In the first 10% of my novel, my MC has a boyfriend. MC is accepted into the Space Corps (or he's summoned to fight Troy - the particulars don't really matter), boyfriend is sure he'll wait the required X years.

MC starts training, and already the forced separation, the change in their respective lifestyles, the separate new experiences - all of it draws them apart. There's friction, eventually they break up.

From a Watsonian perspective, the MC finds himself sacrificing a relationship that was important to him, for his chosen path. It's painful, he struggles with it, he tries to keep both, eventually he accepts it.

From a Doylist perspective, of course they're going to break up. From the beginning, a long-distance relationship isn't very interesting - having the MC meet someone new and exciting a bit further into the story has much more "meat". So it's just a question of when. Once the conflict appears, it's therefore rather obvious how it ends.

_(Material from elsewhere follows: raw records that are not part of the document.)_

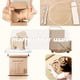 thumbnail image 5 of Rollo de papel PH PERKHOMY rosa claro 44 x 292 m 80 g/m², 5 of 6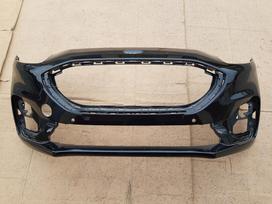 Ford Puma, L1TB, kėbulo dalys
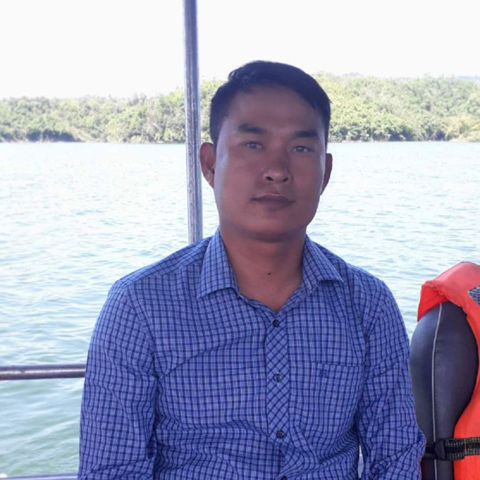 Bạn Nam Trần Vinh Độc thân 38 tuổi Tìm người yêu lâu dài ở TP Cà Mau, Cà Mau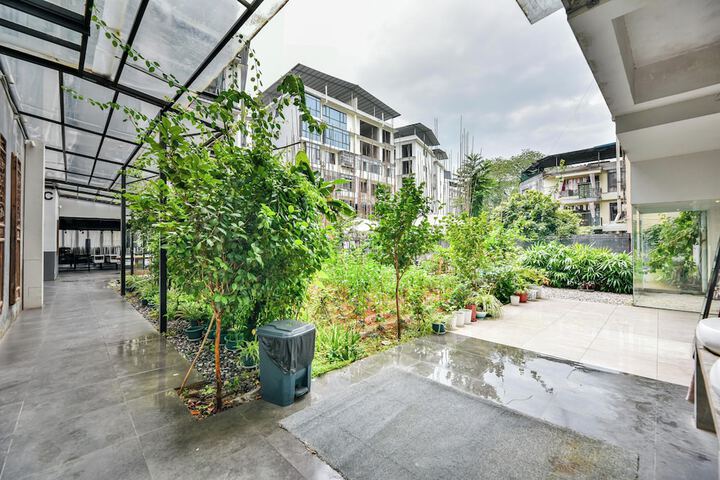 Terrace/Patio 27 of 29
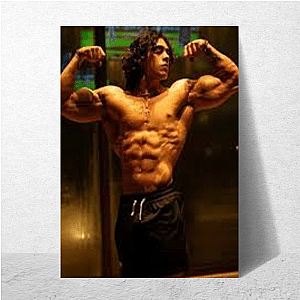 Unstoppable Like Carlos Belcast Carlos Belcast Posters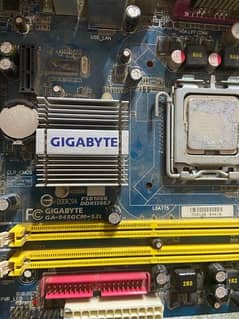 gigabyte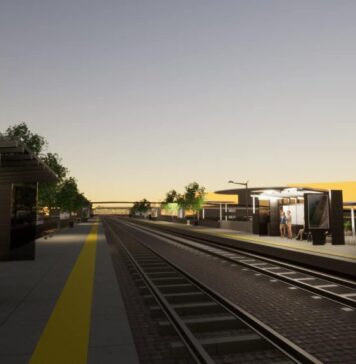 Încă un pas pentru metroul de suprafață din Capitală. Consultări de piață pentru trenul metropolitan București-Ilfov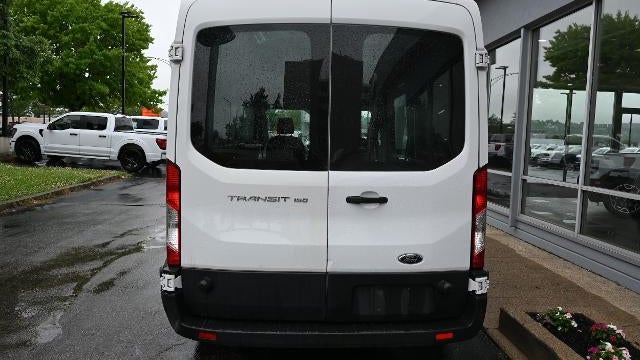 2015 Ford Transit 150
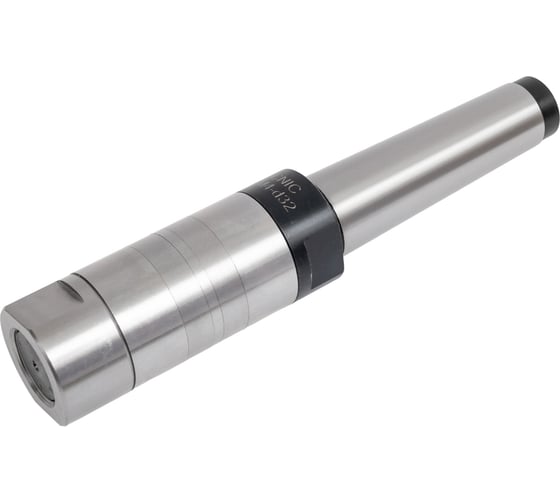 Изображение товара Оправка с хв-ком КМ4-32 мм, L-238 мм для дисковых фрез CNIC 53890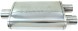 Китай TW-TL-306YUD ЦЕНТРАЛЬНИЙ ГЛУШНИК 2,5" + 2 x 2,25" Y PIPE SPORTS TURBOWORKS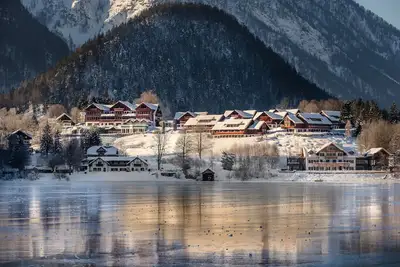 Image de Mondi Appartements am Grundlsee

I'm struggling to maintain tension in the struggling-relationship period. On the one hand, the conflict needs time to develop - they wouldn't just break up at the first sign of trouble. That would feel unrealistically abrupt, and devoid of the related internal struggle for the MC. On the other hand, it is clear that they're going to break up. Not clear to the characters, but clear to a savvy reader. Since it's clear how the conflict is going to end, why would a reader be invested in it? How do I prevent a "get on with it, break up already!" reaction?

A particularly important element: boyfriend is not a schmuck. Rather, they both, and MC in particular, underestimate how hard the ordeal is going to be. Which is an important recurring theme I want to set up early.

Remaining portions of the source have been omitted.